Windidda Station, often referred to as Windidda, is a pastoral lease that operates as a cattle station. It is located about 199 km east of Wiluna and 226 km north east of Leinster in the Mid West region of Western Australia.

The property occupies an area of 3550 km2. Windidda shares a boundary with Carnegie and Prenti Downs Stations.

== History ==
The property was established in about 1900 by the pioneer, James Bett Willis, who had sunk the first well to produce drinkable water in the area. Willis had a partnership with Tommy Mellor in stocking and improving the other otherwise virgin country. In 1948 the property was still owned by Willis, who also owned Clover Downs Station.

J. Bell owned the property in 1950 and sold it to Spencer Doman. At this stage the property occupied an area of 1000000 acre. Doman also owned Wongawol, Carnegie, Yelma and Bonython stations, which had a combined area of 3750000 acre.

In the 1970s the Linke family, run by the three Linke brothers, acquired Windidda, Carnegie and Prenti Downs Stations, which they ran as a single entity. In 1992 the leaseholding was broken up into three smaller leases and Windidda was acquired by the Ngangganawili Community Incorporated.

The RSPCA were called to investigate the property in 2002.

=== 2005 cattle inspection ===
In 2005 approximately 500 cattle were found dead on the property, which appeared to have been abandoned. RSPCA inspectors were called to the property to provide assistance to the remaining 2,500 cattle. Only two of the station's 13 watering points were found be in working order and the livestock were so neglected that a further 30 head of stock had to be put down. The Aboriginal corporation that held the lease to the property, Ngangganawili Community Incorporated, were thought to have left the property for law business but had left no provision for the livestock. The RSPCA described it as the worst case of neglect seen in Western Australia.

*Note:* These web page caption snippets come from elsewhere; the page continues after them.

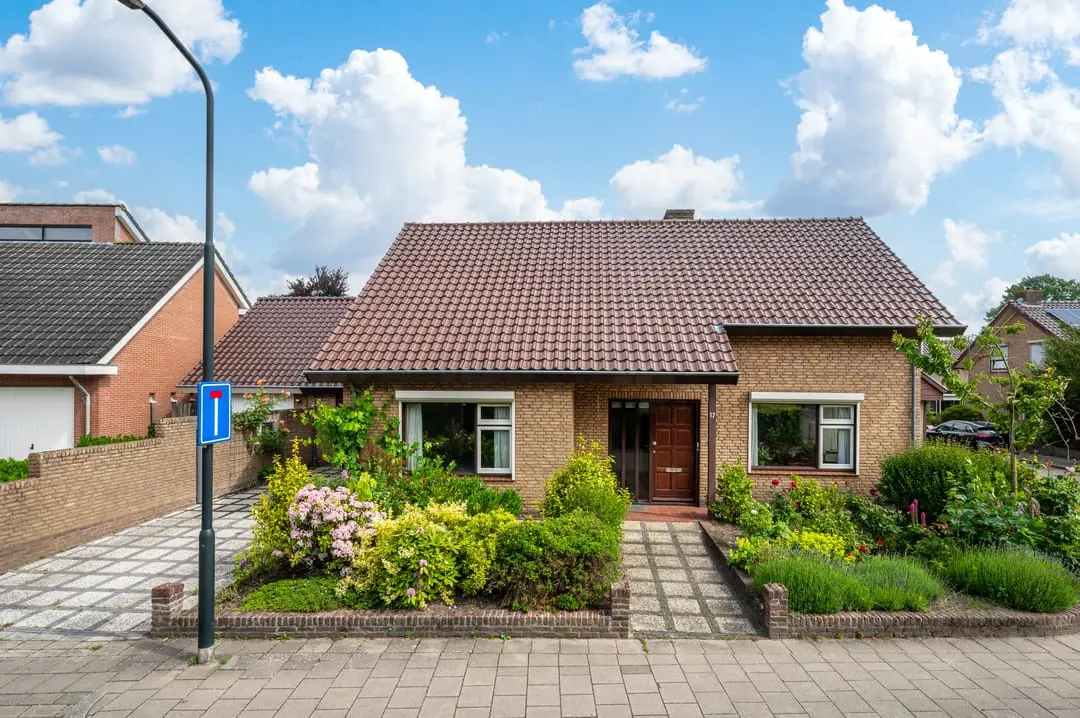 Bungalow individuel Bloemheuvellaan 17, Apeldoorn - À louer
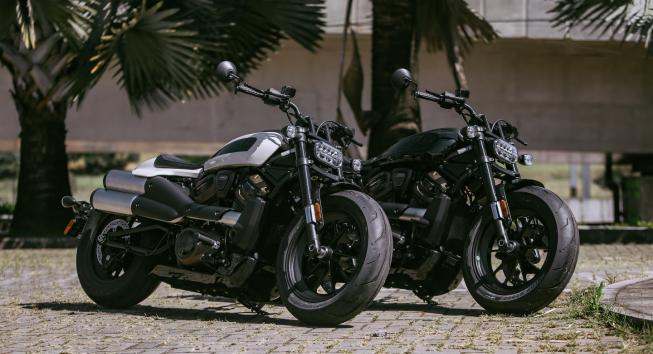 Harley-Davidson Sportster S 2023 chega ao Brasil por R$ 125.900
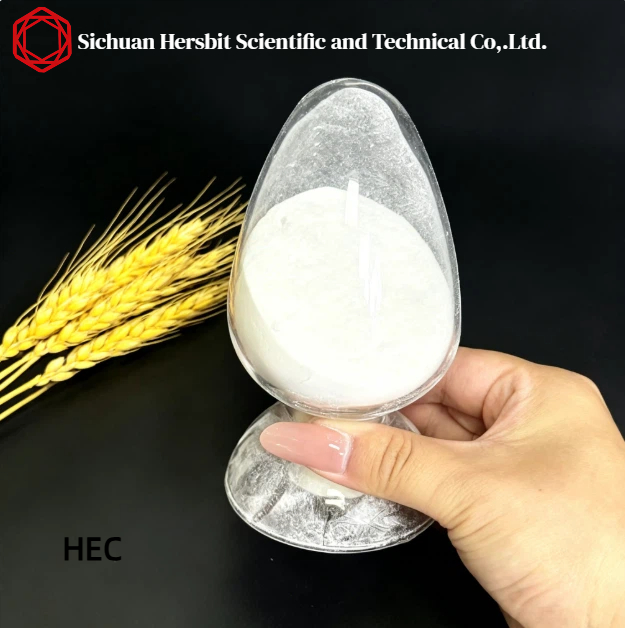Solução de Revestimento de Hidroxietilcelulose Ecológica em Saco de Papel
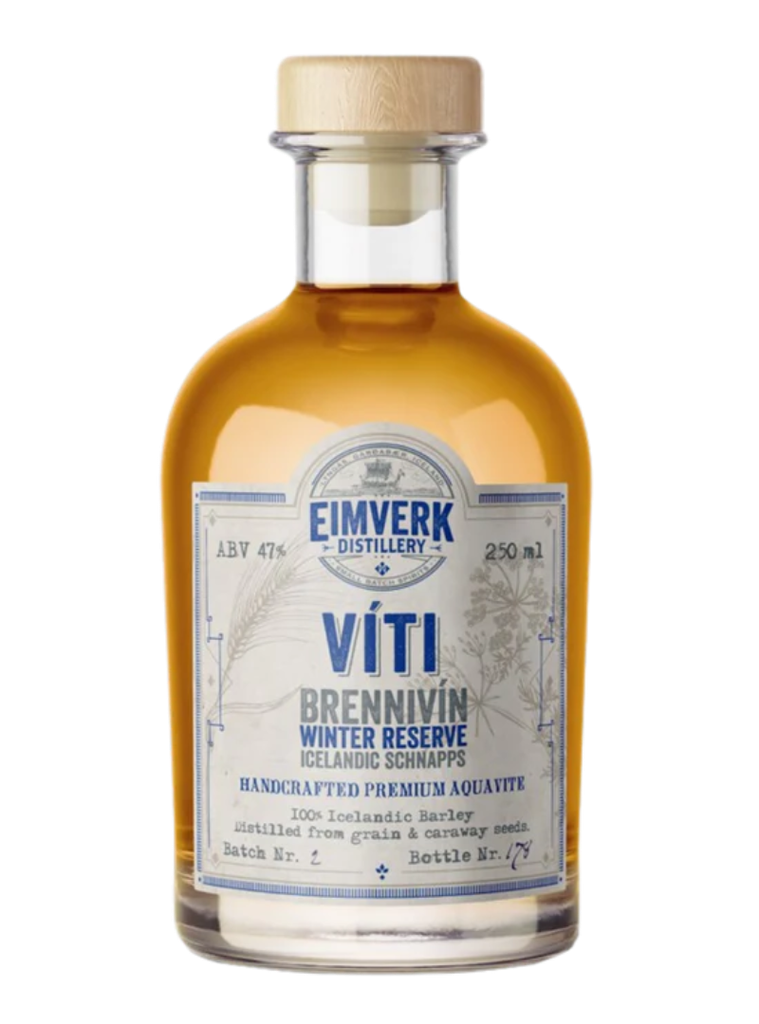 Víti Winter Reserve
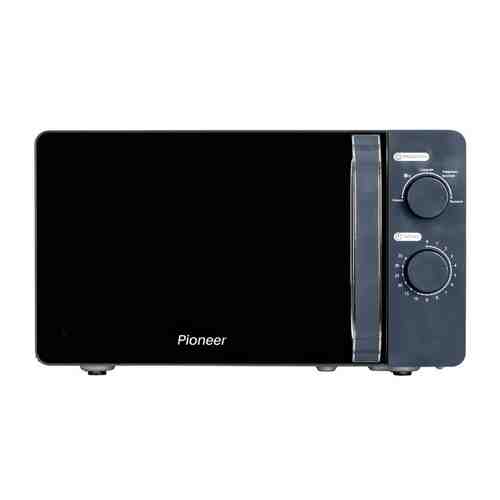 Печь СВЧ PIONEER MW204M соло 700Вт 20л серый арт. 1001440590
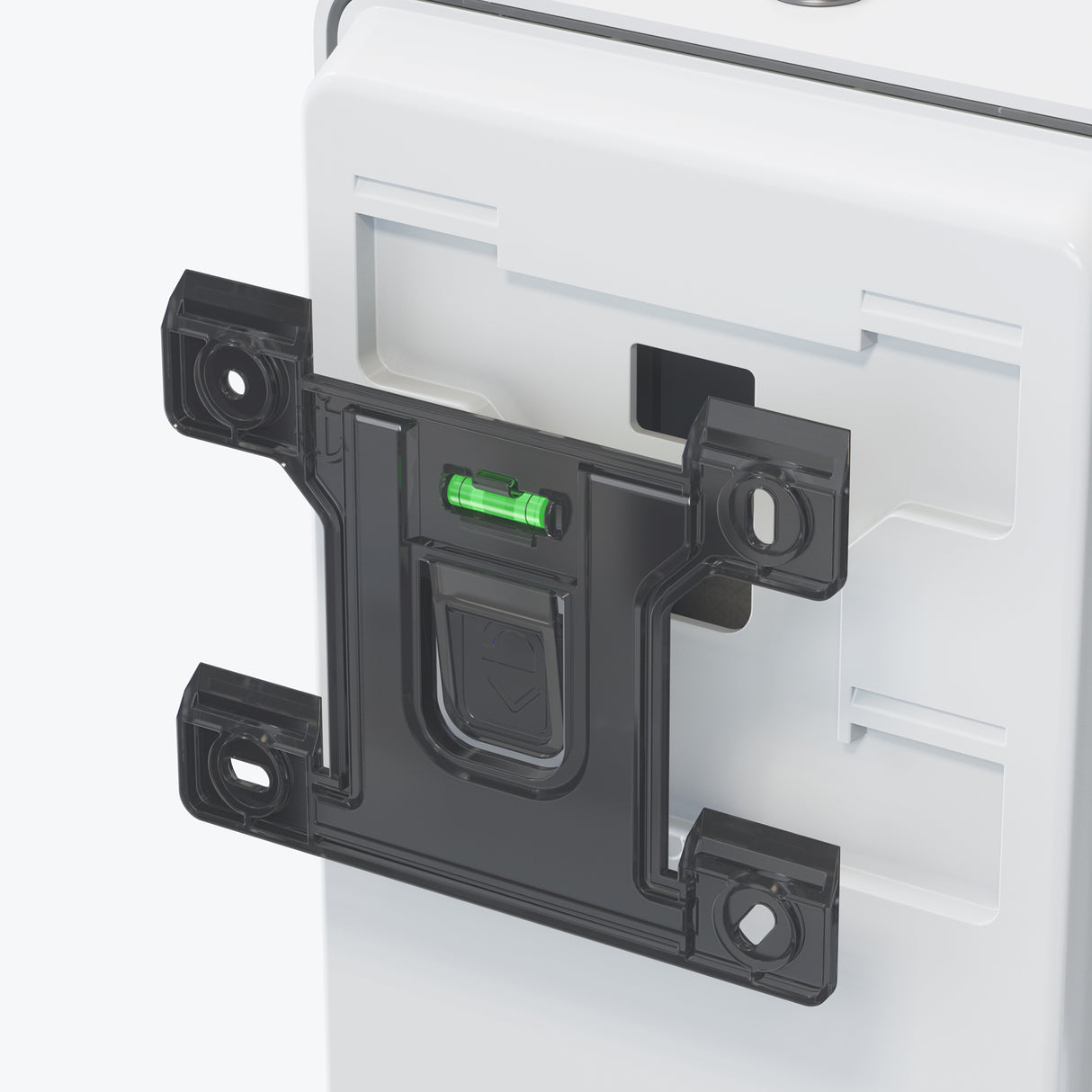 DISTRIBUTEUR À DÉTECTION OPTIQUE SAVON MOUSSE GEL ICON™ BLANC MOSAIQUE 1,2L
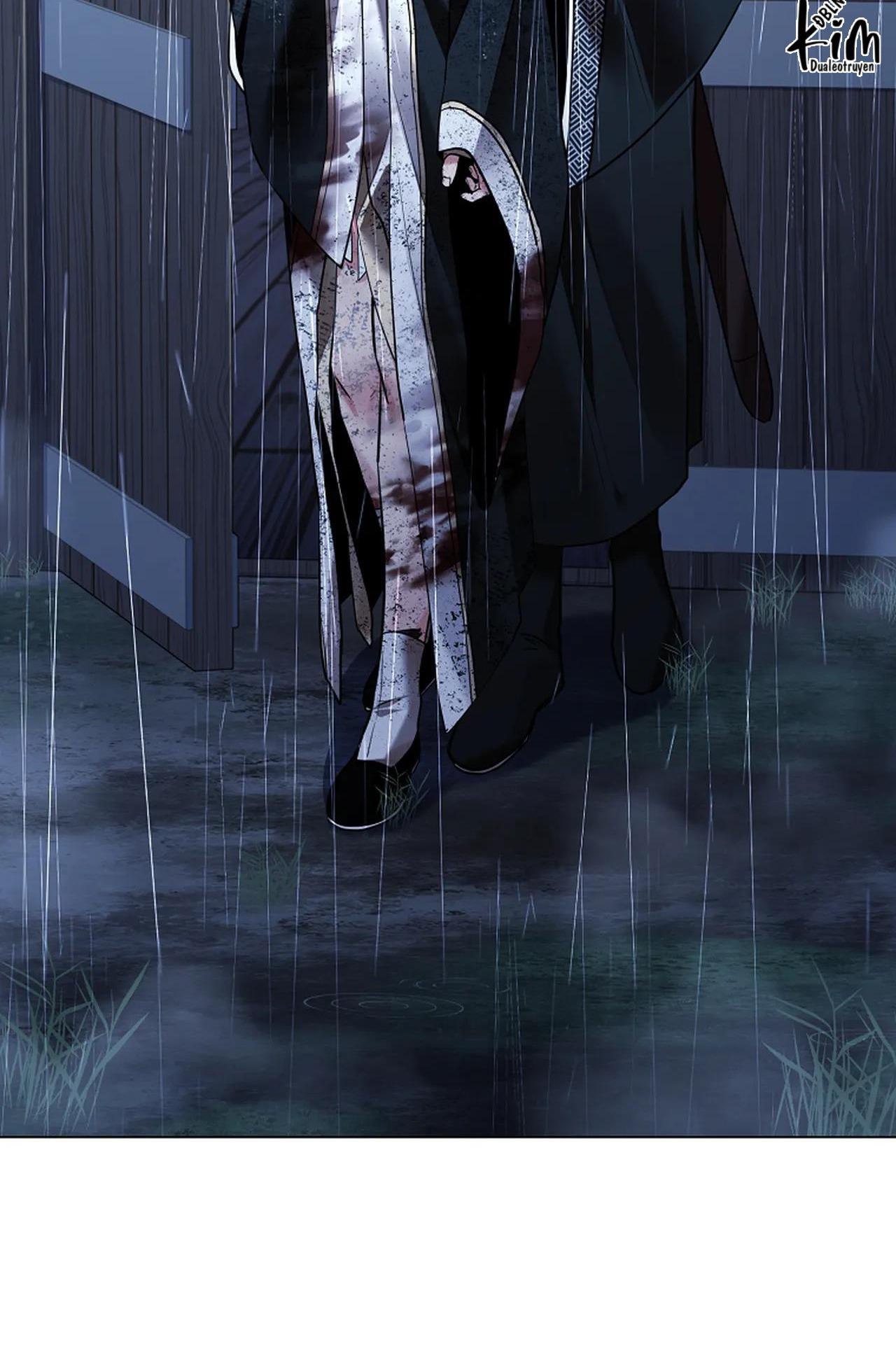 HOA GIẤY - Chap 72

Later the same year the property was effectively destocked with 1,818 cattle being mustered and sold. The remaining 300 were likely to sold to with proceeds going back to the Wandidda Aboriginal Community, who had replaced Ngangganawili Community Incorporated after it was dissolved. The Wandidda Aboriginal Corporation forfeited the pastoral lease and the property was passed under management of the Pastoral Lands Board.

The community were later fined AUD10,000 after pleading guilty to failing to provide adequate water for over 1,500 head of cattle at Windidda.